Florian Rivière who calls himself an “urban hacktivist” first hit the headlines with a range of ideas for adapting everyday items of urban street furniture to other more citizen-friendly purposes. One of his most innovative was the personalised pedestrian crossing (see photo above).

This roll-up, zebra-crossing-design-carpet can be deployed — admittedly only by the brave, adventurous or foolhardy — in heavily trafficked urban areas. Because it is lightweight and portable it offers the potential for multiple reuse by truly committed pavement militants.

It will, Rivière claims, help pedestrians to reach sidewalk safety in some of France’s more high intensity traffic thoroughfares. (Users might be well advised to check the small print on their life insurance policies before use).

Editorial note: The law on how and where pedestrians may cross busy streets has been tightened in favour of pedestrians and motorists have been urged to redouble vigilance. It would appear that jaywalking has in some cases become borderline lawful since road code amendments were introduced in 2010. At the time of the change Le Figaro quoting motoring associations said: “The new measures have raised concerns among motoring organisations who claim drivers are increasingly finding themselves ‘persona non grata’ in urban centres. For many, the new provisions of the Highway Traffic Code are another blow to the motorist and further increase the omnipotence of pedestrians and cyclists in the city centre. Since Tuesday (November 16 2010), pedestrian rights have been strengthened. They can now cross a roadway wherever they see fit in the absence of a pedestrian crossing within 50 metres of the spot where they want to cross. If a pedestrian signals an intention to cross the road, motorists must now give way. The penalty for failing to do so is a 135 euro fine and four points on your license…”.

But back to Rivière’s controversial hacktivist map.

He has published all the details garnered from first hand experience on a handy Google map that identifies places in main streets around Strasbourg where he claims peeing is private and free —  in fact the fine for urinating in a public space is 35 euros.

Apparently Rivière is concerned about the lack of sufficient urinoirs (replaced all over France in recent decades by urban furniture supplied by JCDecaux the advert hoarding kings.

Partial view of the map causing a stir in Strasbourg

However his map (click here for the full  picture) has divided critics and supporters.  The more anarchical in the art world think he has done a service to the public, the law and order and neighbourhood-watch brigades are appalled.

The caption on his map says: “The Pirate Geographic Institute offers a Map of streets in downtown Strasbourg conducive to piddling with a modicum of privacy day and night. Long live the pipi street!”
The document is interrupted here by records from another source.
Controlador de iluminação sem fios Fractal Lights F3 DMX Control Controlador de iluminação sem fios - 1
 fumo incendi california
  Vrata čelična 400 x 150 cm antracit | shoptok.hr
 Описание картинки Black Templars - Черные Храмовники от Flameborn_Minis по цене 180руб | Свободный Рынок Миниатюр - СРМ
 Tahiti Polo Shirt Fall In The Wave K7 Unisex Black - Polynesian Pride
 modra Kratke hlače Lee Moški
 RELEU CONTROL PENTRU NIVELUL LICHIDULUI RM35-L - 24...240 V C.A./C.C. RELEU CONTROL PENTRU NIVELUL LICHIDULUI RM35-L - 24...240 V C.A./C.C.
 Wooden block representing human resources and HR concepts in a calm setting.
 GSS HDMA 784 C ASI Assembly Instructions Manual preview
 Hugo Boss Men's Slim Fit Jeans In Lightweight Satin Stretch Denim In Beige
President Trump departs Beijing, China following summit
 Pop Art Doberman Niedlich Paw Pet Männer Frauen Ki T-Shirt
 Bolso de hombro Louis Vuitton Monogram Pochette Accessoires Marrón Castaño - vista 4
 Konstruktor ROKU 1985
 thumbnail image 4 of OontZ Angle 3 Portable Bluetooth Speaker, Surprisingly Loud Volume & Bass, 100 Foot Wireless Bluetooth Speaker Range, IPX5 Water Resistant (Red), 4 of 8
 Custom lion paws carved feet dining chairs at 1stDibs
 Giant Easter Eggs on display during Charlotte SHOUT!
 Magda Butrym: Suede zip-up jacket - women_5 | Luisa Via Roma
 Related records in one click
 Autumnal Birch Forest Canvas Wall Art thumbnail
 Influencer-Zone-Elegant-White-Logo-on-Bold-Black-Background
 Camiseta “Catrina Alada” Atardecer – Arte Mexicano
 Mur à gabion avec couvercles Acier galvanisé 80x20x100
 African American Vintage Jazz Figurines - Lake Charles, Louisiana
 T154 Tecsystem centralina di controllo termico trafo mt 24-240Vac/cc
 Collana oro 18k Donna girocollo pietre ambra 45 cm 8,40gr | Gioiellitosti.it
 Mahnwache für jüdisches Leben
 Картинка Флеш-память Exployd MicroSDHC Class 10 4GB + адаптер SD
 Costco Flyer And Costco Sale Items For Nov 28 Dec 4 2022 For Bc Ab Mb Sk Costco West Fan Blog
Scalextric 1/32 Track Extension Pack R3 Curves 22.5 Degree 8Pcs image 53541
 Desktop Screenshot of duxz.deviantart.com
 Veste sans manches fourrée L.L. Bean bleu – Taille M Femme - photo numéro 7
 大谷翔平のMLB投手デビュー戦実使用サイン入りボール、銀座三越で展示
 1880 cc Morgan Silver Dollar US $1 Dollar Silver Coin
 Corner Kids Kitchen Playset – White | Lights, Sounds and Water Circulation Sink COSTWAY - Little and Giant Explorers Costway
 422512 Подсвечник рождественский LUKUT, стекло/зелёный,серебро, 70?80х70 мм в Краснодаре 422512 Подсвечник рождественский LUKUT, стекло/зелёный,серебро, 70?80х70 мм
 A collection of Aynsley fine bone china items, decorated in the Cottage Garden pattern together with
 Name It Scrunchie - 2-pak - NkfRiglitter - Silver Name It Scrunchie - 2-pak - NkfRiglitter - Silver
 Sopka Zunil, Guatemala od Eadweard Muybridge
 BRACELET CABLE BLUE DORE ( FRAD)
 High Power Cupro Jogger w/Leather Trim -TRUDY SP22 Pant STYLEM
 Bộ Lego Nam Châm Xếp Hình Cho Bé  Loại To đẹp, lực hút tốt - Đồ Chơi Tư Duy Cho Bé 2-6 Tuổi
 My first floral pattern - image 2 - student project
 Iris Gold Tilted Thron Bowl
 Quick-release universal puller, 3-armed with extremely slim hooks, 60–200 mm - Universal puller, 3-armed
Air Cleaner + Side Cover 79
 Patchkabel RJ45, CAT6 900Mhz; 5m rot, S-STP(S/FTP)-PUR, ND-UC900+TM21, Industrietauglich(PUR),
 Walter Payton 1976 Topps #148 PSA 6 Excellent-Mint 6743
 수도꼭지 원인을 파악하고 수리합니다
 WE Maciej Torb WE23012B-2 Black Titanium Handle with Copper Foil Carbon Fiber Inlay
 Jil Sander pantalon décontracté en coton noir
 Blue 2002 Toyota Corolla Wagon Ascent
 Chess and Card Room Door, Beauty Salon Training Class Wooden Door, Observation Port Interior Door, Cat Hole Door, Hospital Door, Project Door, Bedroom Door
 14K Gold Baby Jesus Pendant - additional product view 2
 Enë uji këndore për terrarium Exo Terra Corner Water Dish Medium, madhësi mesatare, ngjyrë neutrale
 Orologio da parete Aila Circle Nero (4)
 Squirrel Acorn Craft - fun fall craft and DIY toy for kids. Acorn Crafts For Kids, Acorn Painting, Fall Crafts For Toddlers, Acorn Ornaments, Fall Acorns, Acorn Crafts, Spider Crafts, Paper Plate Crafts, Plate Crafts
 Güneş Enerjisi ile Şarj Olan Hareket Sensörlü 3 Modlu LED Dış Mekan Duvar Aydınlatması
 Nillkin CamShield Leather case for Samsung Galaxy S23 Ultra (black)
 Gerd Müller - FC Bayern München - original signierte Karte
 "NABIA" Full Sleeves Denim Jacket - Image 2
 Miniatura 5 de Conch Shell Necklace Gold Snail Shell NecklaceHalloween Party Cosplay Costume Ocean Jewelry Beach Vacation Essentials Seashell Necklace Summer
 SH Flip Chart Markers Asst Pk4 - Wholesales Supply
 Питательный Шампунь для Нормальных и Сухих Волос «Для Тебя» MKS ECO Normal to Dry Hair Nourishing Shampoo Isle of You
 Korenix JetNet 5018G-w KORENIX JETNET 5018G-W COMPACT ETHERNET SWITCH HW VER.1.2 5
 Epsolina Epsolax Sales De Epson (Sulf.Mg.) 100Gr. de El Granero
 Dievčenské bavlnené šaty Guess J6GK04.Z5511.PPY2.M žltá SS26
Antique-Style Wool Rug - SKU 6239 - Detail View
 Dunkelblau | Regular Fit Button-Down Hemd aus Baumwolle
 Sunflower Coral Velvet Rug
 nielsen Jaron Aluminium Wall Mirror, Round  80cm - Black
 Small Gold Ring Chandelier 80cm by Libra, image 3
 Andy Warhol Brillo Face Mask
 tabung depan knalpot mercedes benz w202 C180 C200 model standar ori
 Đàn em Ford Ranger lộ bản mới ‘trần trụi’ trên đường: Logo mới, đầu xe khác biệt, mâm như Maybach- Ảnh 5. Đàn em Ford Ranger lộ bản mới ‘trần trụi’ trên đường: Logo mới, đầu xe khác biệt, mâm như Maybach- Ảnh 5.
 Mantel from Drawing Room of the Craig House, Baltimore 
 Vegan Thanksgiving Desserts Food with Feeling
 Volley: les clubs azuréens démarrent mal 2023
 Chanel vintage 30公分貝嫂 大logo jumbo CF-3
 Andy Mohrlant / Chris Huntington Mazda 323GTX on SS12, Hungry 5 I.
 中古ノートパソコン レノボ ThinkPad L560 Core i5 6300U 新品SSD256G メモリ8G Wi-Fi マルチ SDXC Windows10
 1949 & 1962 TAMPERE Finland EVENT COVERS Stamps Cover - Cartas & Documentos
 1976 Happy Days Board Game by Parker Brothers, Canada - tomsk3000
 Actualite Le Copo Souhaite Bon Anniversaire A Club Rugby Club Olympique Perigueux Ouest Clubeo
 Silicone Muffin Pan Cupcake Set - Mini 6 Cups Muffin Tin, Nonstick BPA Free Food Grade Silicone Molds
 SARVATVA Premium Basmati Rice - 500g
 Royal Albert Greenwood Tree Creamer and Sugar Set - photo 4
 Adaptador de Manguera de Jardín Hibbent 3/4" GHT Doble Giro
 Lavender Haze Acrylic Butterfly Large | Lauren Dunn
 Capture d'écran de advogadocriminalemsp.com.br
The careful reader however might consider his map to be an elaborate joke. Take a close look for instance at the suggestive street names he has chosen to highlight as safe spots for the public nuisance lads: Impasse de la Bière  (Beer Deadend) or Impasse du Bain aux Plantes (Flower Bath Deadend) to name just two.

Florian Rivière founded  the “Democratie Creative” collective in 2008 and led it to  2012. It specialises in highly visible initiatives in the Strasbourg public space.

Here is a video clip of one of his less controversial hacks, giving Berlin kids a free carousel ride:

UPDATE: The BBC has this report on some of the more unusual uses for urine down the ages.

Jellyfish stings are commonly believed to be relieved by the application of urine.

17th Century diarist Samuel Pepys records the use of urine as a cosmestic treatment for women.

Scientists may have found a method of converting our pee into a source of renewable energy.

In the 16th Century, urine was used by some physicians as a disinfectant for the treatment of serious wounds.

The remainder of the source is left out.